Suara riang itu datang dari dua orang — Son Eunseo dan Kim Seohyun.
Saat ini, hanya mereka bertiga di ruang pelatihan.
Eunseo memohon pelatihan pribadi, dan kebetulan Seohyun ikut bergabung.
“Eunseo-ya, kenapa bicara pakai banmal ke jungsa-nim?”
“Byeong Son Eunseo. Setelah jam dinas selesai, beliau bilang tak perlu formalitas.
Saya sudah coba tetap sopan, tapi Kim Minjun jungsa-nim yang bilang sendiri: katanya malah terasa aneh.”
“Oh begitu? Ya sudah, kalau begitu.”
Seohyun mengangguk, meski dalam hati masih canggung.
Hubungan mereka bertiga…
aneh, tapi fungsional.
Kadang akrab seperti rekan lama,
kadang bentrok seperti rival di medan perang.
Seperti baru tadi, Eunseo dan Seohyun sempat saling menyindir hal sepele —
tapi dalam latihan, mereka selalu saling mendorong batas kemampuan masing-masing.

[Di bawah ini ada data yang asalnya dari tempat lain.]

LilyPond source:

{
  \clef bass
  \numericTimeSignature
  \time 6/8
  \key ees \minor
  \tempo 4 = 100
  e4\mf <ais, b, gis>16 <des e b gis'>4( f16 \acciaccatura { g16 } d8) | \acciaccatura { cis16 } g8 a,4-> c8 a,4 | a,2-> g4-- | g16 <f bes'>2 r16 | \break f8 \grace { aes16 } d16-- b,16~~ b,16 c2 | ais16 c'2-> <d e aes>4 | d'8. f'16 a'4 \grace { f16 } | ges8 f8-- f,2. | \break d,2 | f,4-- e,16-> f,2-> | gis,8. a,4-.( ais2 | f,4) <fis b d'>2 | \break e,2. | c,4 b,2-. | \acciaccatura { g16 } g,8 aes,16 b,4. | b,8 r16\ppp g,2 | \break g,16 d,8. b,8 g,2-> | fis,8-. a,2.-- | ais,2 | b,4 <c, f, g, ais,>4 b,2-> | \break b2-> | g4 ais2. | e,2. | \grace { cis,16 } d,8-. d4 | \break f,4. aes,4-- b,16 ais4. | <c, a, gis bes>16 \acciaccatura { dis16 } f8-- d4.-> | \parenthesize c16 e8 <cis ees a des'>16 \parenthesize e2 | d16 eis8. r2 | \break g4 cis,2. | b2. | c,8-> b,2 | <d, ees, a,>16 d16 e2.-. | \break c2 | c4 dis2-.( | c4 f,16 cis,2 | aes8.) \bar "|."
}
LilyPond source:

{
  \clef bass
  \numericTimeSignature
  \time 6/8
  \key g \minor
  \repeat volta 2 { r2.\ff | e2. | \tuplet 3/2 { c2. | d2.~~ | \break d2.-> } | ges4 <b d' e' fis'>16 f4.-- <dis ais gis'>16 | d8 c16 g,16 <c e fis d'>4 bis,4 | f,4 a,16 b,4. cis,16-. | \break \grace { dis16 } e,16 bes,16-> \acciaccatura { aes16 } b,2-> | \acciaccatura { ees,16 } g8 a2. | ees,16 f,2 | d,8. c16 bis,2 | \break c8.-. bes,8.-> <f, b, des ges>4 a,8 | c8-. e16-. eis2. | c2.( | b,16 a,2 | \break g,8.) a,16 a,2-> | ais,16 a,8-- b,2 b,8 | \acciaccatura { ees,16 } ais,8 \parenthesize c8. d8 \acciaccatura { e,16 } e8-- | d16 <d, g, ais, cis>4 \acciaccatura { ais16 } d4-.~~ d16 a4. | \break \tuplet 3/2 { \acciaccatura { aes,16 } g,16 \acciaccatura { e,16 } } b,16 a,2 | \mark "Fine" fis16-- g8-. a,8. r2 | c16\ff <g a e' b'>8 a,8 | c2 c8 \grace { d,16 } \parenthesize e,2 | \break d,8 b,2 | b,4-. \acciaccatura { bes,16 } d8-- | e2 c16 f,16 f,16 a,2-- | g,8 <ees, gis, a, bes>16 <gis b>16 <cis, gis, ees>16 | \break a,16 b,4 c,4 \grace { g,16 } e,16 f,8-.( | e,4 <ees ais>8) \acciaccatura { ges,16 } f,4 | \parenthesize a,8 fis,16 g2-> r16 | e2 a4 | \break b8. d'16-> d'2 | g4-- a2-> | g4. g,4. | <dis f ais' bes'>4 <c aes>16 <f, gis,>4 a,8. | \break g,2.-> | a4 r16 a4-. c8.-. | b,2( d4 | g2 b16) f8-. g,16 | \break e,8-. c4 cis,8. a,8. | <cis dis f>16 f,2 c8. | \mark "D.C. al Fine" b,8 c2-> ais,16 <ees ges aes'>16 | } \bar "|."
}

“Hm. Bukan akrab, tapi sama-sama keras kepala.”
Namun satu hal pasti:
bila bicara soal bakat dan potensi — keduanya luar biasa.
Eunseo menatap Seohyun dengan ekspresi rumit.
“Katanya dia cuma hasa baru. Tapi kecepatan reaksinya luar biasa.”
“Tubuhnya terlatih, dan gerakannya… itu level veteran.”
Meski berasal dari Hunter NCO School,
Eunseo merasa gadis itu seharusnya tidak mungkin “baru lulus”.
“Kalau benar tak punya pengalaman tempur, itu berarti bakat mentahnya mengerikan.”
Eunseo menggenggam pedang latihan.
Ada sedikit rasa frustrasi di dadanya.
“Haa… rasanya sudah lama sekali aku merasa kalah.”
“Haha. Kau dapat gen unggul dari appa yang seorang sa-dan-jangnim, masih aja ngomong gitu?”
“Kau serius ngomong gitu? Dasar manusia tak tahu malu.”
Seohyun terkekeh.
Tapi sebelum Eunseo sempat membalas, Minjun tiba-tiba memanggil.
“Kalian berdua, lihat ini.”
Ia menunjukkan layar ponsel — isi pesan dari dae-dae-jangnim.
“Double Dungeon? Kau… ikut?”
“Benar. Dan katanya dungeon ini tak bisa diukur tingkat bahayanya.
Artinya, poin penilaiannya juga luar biasa.”
Eunseo mengerutkan kening.
Double Dungeon bukan mainan.
Double Dungeon.
Tempat di mana dungeon lain tersembunyi di dalam dungeon utama.
Biasanya hanya perwira berpengalaman yang diizinkan masuk.
‘Dia memang kuat, tapi belum punya pengalaman Double Dungeon… bukan?’
Ia tahu Minjun kuat.
Tapi tempat itu bukan sekadar pertempuran — melainkan surga sekaligus kuburan para Hunter elit.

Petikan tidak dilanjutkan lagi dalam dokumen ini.